The condition number of an \(n\times n\) positive definite matrix \(H\) is \[ \kappa(H) = \frac{\lambda_{\max}(H)}{\lambda_{\min}(H)}\geq 1 \]

  • ill-conditioned if \(\kappa(H)\gg 1\)
  • condition number of Hessian influences speed of convergence of gradient descent
    • \(\kappa(H)=1\): gradient descent converges in one step
    • \(\kappa(H)\gg 1\): gradient descent zig-zags
  • if \(f\) is twice continuously differentiable, define the condition number of \(f\) at solution \(x^*\) as

\[ \kappa(f) = \kappa(\nabla^2 f(x^*)) \]

Scaled gradient method

\[ \min_x f(x) \qquad f:\Rn\to\R \]

  • make a linear change of variables: \(x=Sy\) where \(S\) is nonsingular to get rescaled problem \[ \min_y\ g(y):=f(Sy) \]

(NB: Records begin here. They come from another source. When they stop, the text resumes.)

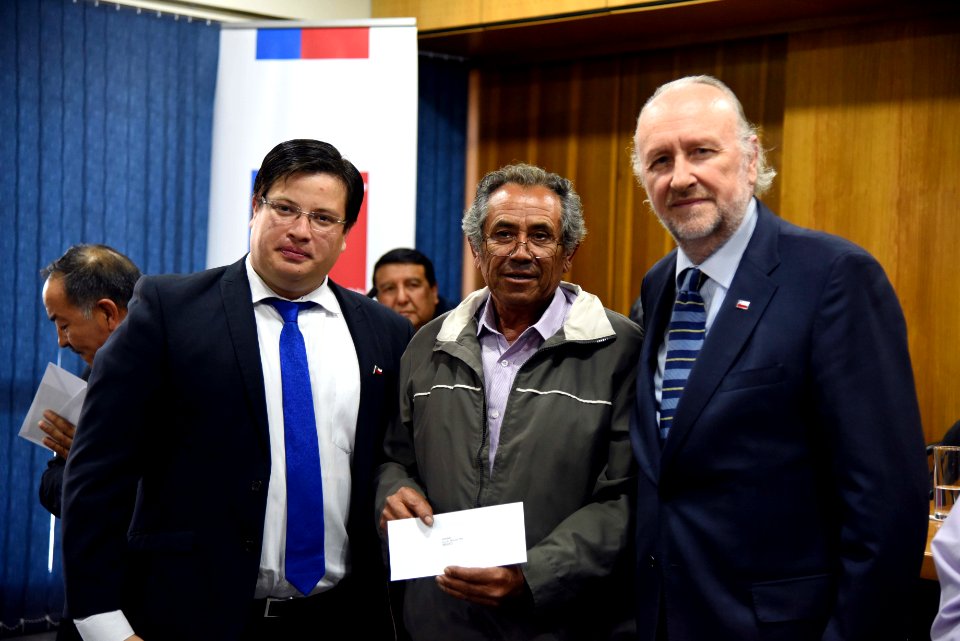 MINISTRO PROKURICA ENCABEZA ENTREGA DE FONDOS PAMMA PARA PEQUEÑOS MINEROS DE LA REGIÓN DE ATACAMA (44036067665)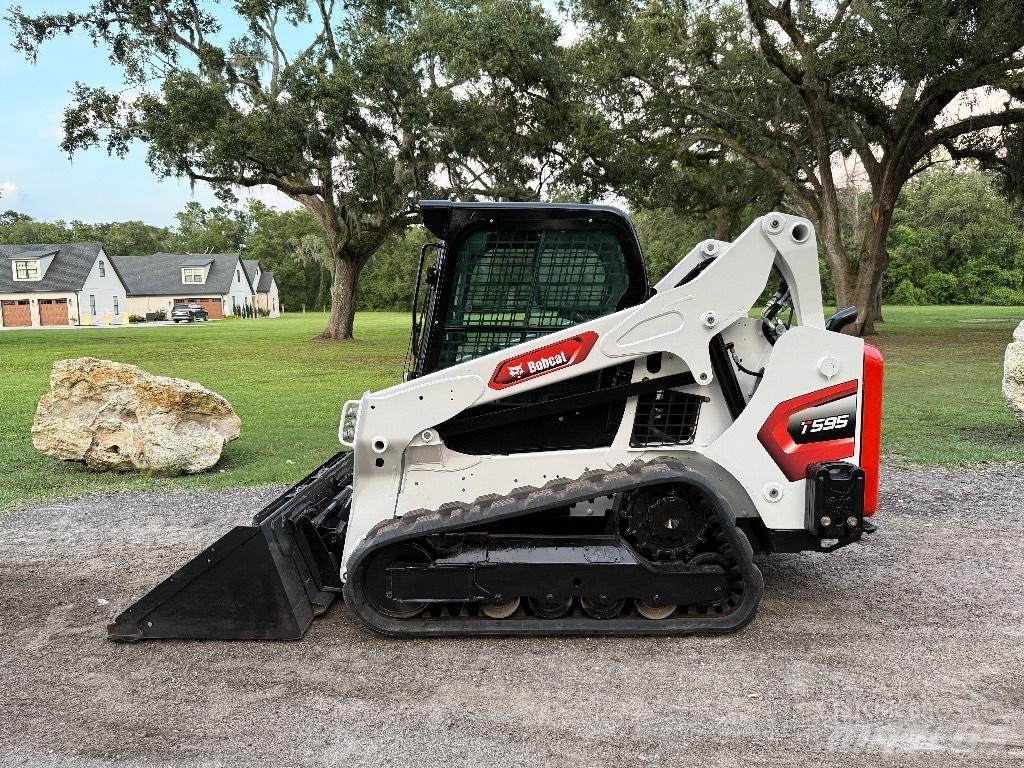 Bobcat T595 滑移轉向裝載機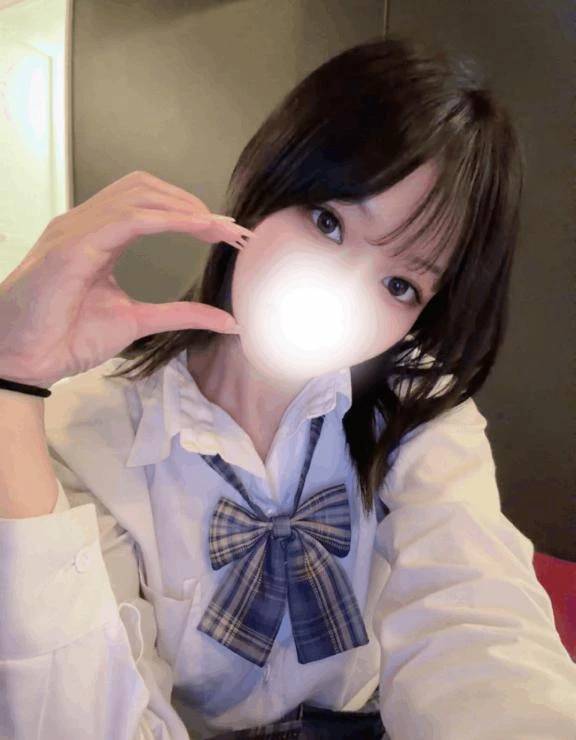 お兄さんの指が触れるだけで、もう……。💭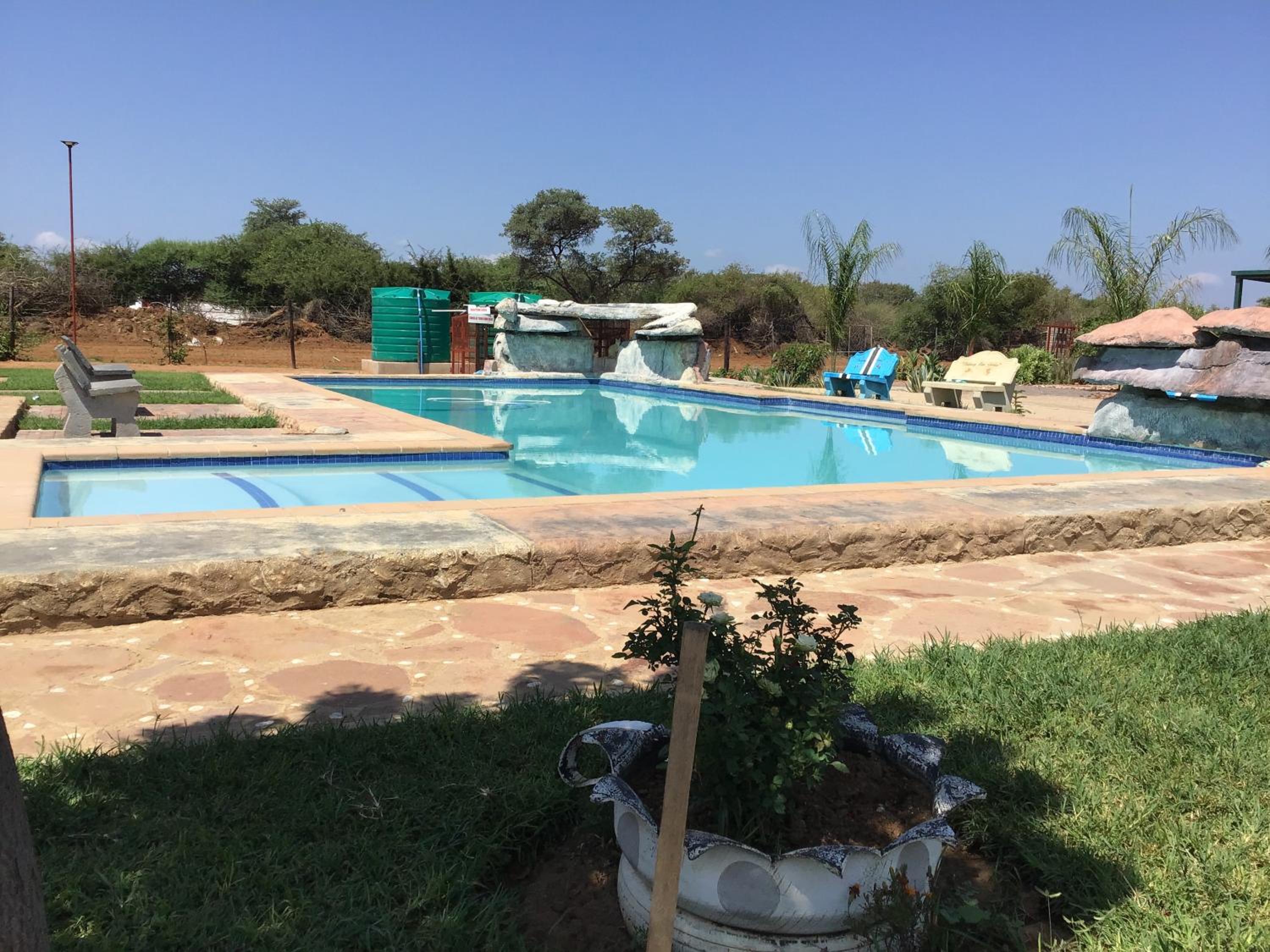 Tlokweng Rose Garden Guesthouse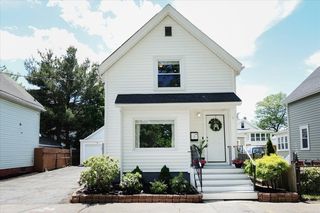 18 Miller Pl, Lynn, MA 01904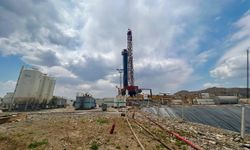 Van Çatak’ta 2 Bin 800 Metre Derinliğe Ulaşıldı: Kato Dağı’nda Petrol Umudu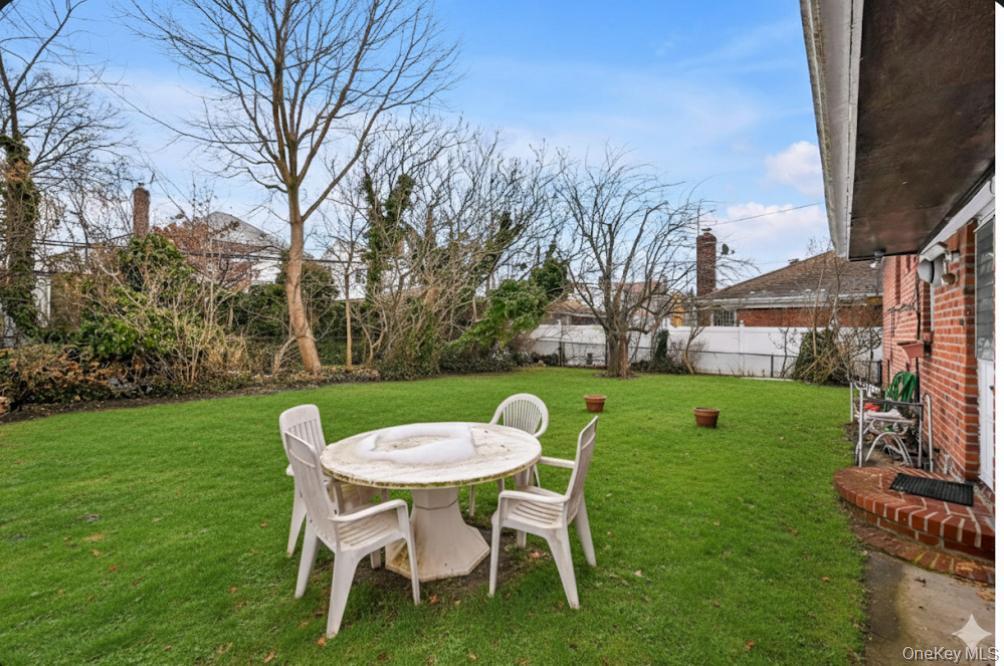 Single Family 185th Queens, NY 11365, MLS-964224-20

  • apply gradient descent to scaled problem \[ y^{k+1} = y^k - \alpha^k \nabla g(y^k) \textt{with} \nabla g(y) = S\T \nabla f(Sy) \]

  • multiply on left by \(S\) to get \(x\)-update \[ x^{k+1} = S y^{k+1} = S(y^k - \alpha^k \nabla g(y^k)) = x^k - \alpha^k S S^T\nabla f(x^k) \]

scaled gradient method \[ x^{k+1} = x^k + \alpha^k d^k, \qquad d^k = -\underbrace{S S^T}_{\succ0} \nabla f(x^k) \]

Scaled descent

  • If \(\nabla f(x)\neq 0\), the scaled negative gradient \(d=-SS^T\nabla f(x)\) is a descent direction \[ f'(x; d) = d^T \nabla f(x) = -\nabla f(x)^T(SS^T)\nabla f(x) < 0 \] because \(D := SS^T\succ 0\)

  • Recall: a matrix \(D\) is positive definite if and only if

    • \(D = U\Lambda U\T\) with \(\Lambda\succ0\) diagonal and \(U\) nonsingular
    • \(D = S S\T\) with \(S\) nonsingular

scaled gradient method

  • for \(k=0,1,2,\ldots\)
    • choose scaling matrix \(D_k\succ 0\)
    • compute \(d^k = -D\nabla f(x^k)\)
    • choose stepsize \(\alpha^k>0\) via linesearch on \(\phi(\alpha) = f(x^k + \alpha d^k)\)
    • update \(x^{k+1} = x^k + \alpha^k d^k\)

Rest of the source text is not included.